**Your task:** Write out exactly every line from the one containing "7650916 Uitlaatklep 2.0 en Turbo" through the final line of the material below, both included. Pictures are to be skipped.

**Provided information:**
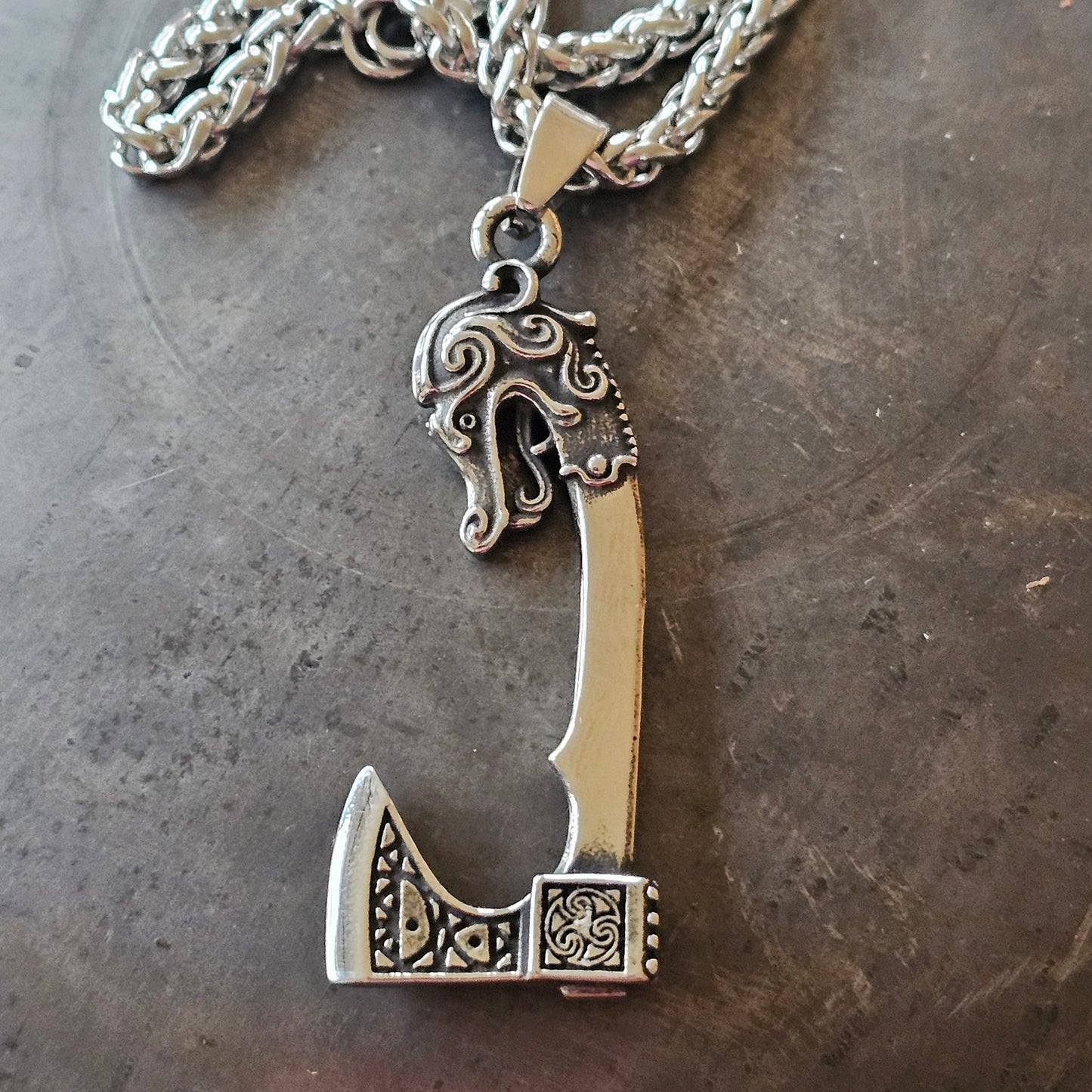 Viking Axe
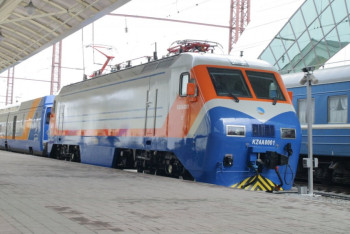 Фотография к новости: Какие поезда будут курсировать через новый вокзал Астаны?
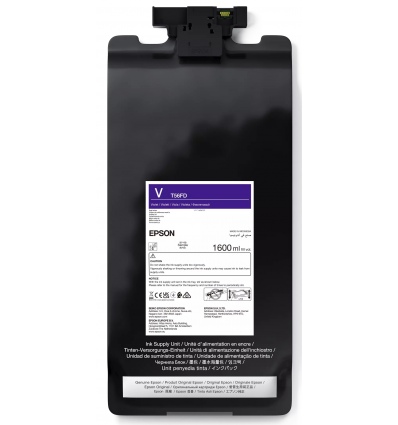 Epson P-Series 64" Violet IIPS Ink 1600ml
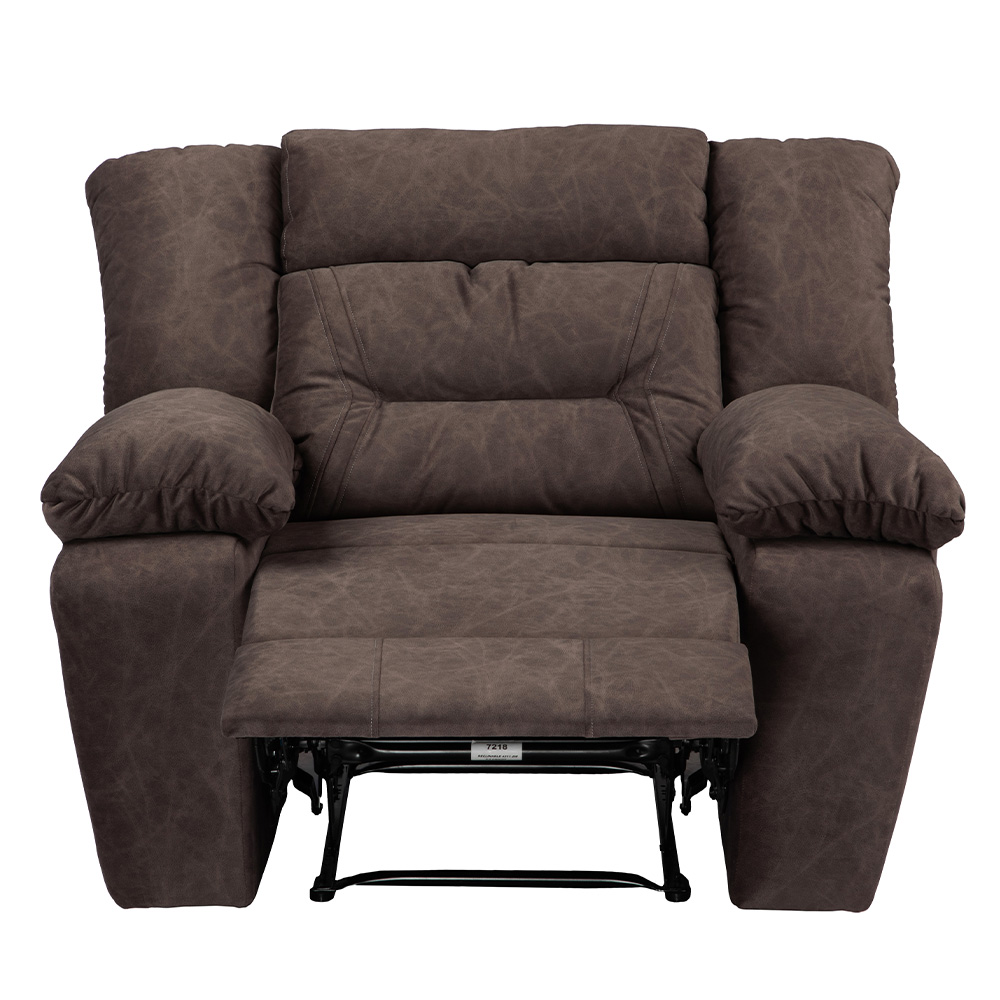 Foto 3 pulgar | Sillón Reclinable Trinity Bumer Color Chocolate
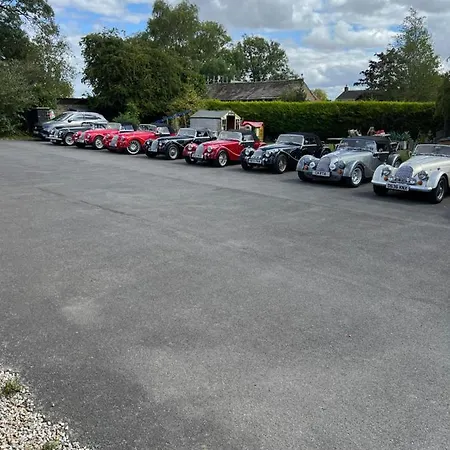 Lavender , , Nr Masham بيت للعطل *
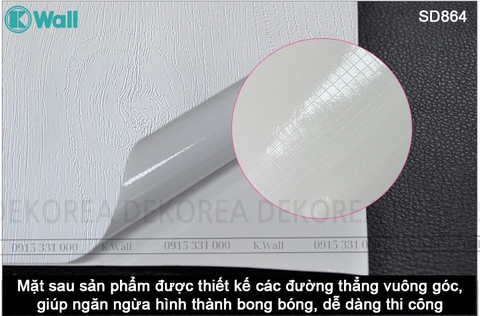 Phim dán nội thất cao cấp nhập khẩu Hàn Quốc SD864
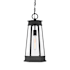 Savoy House Payne 10" Wide Outdoor Pendant Matte Black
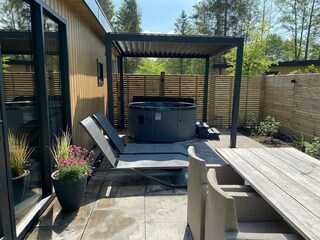 Maison de vacances Coevorden Enregistrement extérieur 2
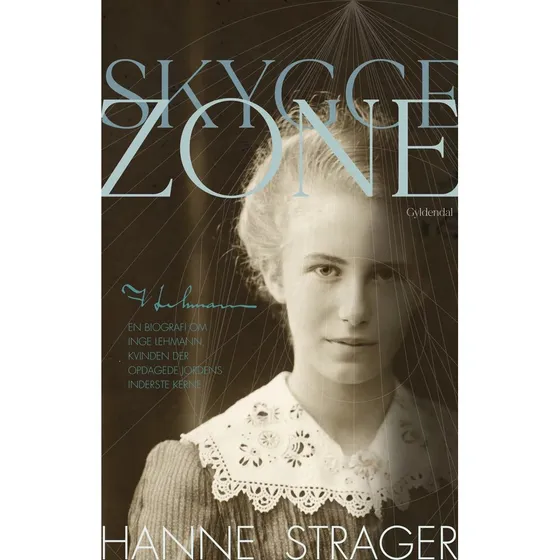 Skyggezone - Hanne Strager - Bog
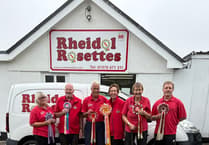 Ceredigion couple seek successor for thriving business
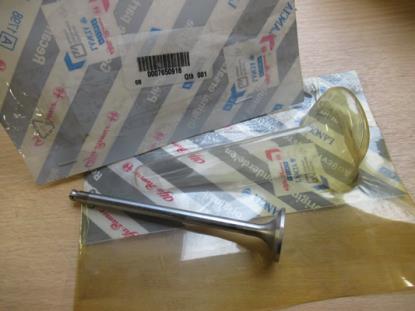 7650916 Uitlaatklep 2.0 en Turbo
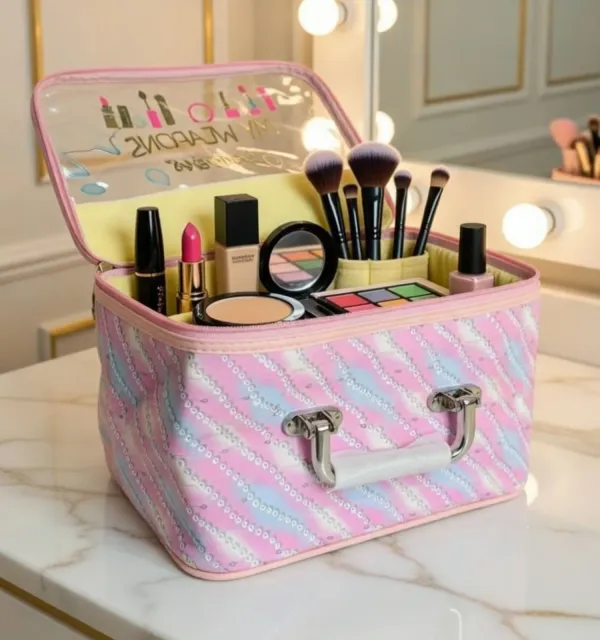 Cosmetic_&_Makeup_Organizer_Bag,_Suitable_for_Multiple_Storage,_Perfect_for_Girls_and_Women_�Assorted_Color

**Your response:**
 7650916 Uitlaatklep 2.0 en Turbo
 Cosmetic_&_Makeup_Organizer_Bag,_Suitable_for_Multiple_Storage,_Perfect_for_Girls_and_Women_�Assorted_Color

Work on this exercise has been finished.